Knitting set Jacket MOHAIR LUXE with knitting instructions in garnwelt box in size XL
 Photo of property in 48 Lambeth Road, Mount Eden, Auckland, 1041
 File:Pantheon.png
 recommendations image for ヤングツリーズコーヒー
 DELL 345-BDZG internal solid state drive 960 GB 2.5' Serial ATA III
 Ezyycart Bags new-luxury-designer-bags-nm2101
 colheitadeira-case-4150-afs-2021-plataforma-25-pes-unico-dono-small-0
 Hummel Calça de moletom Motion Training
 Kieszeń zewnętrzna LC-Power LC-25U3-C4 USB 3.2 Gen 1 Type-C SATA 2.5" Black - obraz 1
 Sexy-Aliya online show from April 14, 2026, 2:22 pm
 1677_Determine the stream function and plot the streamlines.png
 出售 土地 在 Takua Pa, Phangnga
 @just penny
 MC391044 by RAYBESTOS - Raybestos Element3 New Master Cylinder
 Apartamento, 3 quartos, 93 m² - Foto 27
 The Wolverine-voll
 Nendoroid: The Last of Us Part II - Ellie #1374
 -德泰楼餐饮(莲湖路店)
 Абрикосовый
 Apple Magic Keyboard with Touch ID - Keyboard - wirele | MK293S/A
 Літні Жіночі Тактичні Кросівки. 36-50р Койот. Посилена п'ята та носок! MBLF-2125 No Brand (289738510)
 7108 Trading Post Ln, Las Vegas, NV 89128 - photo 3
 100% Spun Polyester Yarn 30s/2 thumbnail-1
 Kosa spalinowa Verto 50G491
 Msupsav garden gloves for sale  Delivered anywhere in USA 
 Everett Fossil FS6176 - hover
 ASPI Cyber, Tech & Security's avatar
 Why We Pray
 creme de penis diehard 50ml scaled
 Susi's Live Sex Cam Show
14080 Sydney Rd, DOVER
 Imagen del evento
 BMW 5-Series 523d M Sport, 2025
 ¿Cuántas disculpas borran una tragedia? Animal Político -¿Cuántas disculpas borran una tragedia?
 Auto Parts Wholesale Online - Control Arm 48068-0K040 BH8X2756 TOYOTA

Work order: Please show every line of the material that contains the string "with".

Response:
Knitting set Jacket MOHAIR LUXE with knitting instructions in garnwelt box in size XL
 Apple Magic Keyboard with Touch ID - Keyboard - wirele | MK293S/A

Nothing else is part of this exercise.